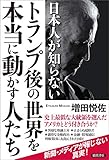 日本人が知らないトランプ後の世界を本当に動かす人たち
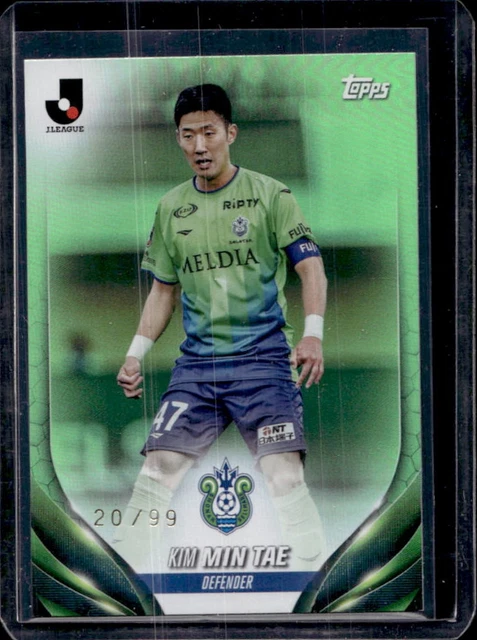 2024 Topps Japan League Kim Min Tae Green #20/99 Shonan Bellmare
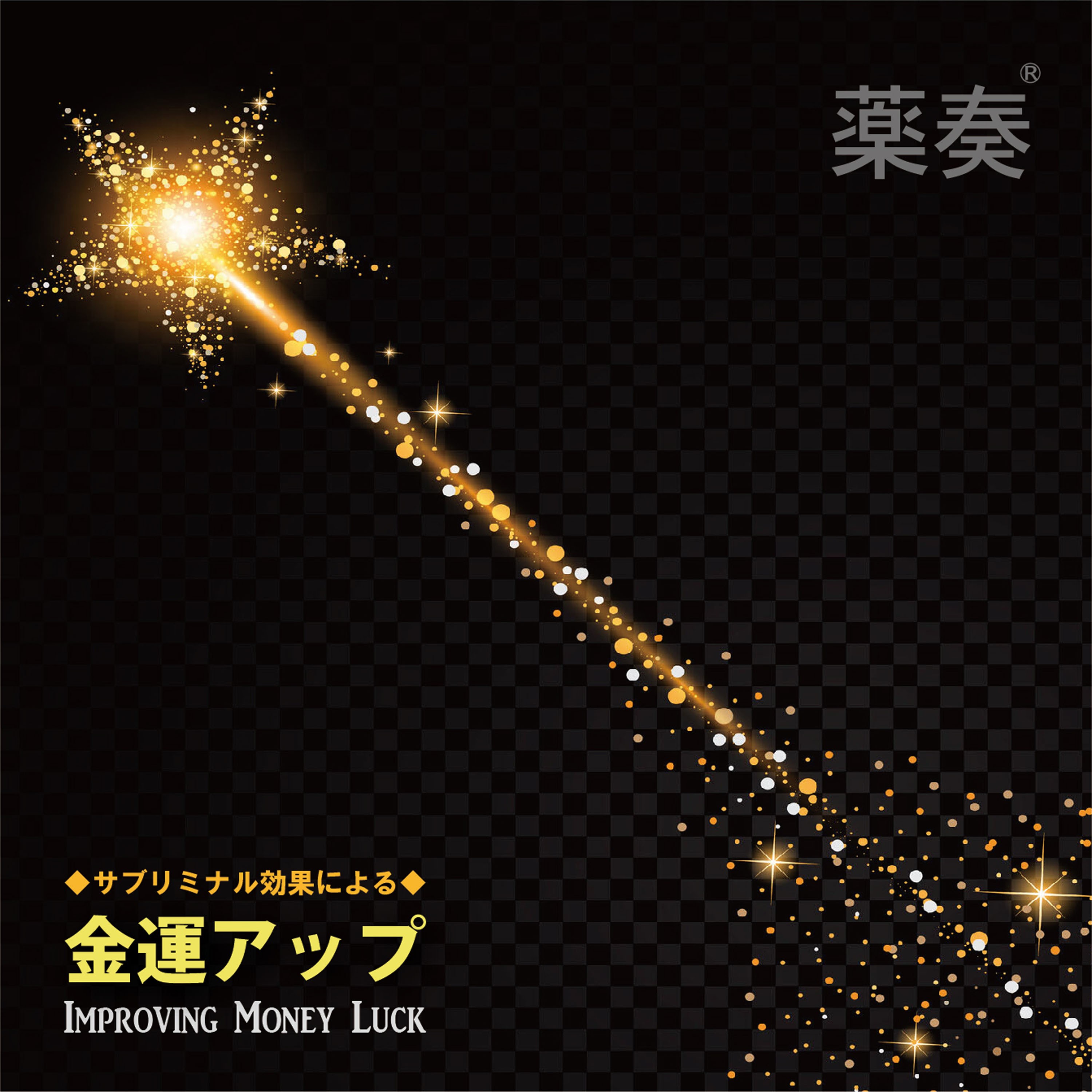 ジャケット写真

Task requirements - Return the material above verbatim. Pictures are to be excluded.

Response to this exercise -
 日本人が知らないトランプ後の世界を本当に動かす人たち
 2024 Topps Japan League Kim Min Tae Green #20/99 Shonan Bellmare
 ジャケット写真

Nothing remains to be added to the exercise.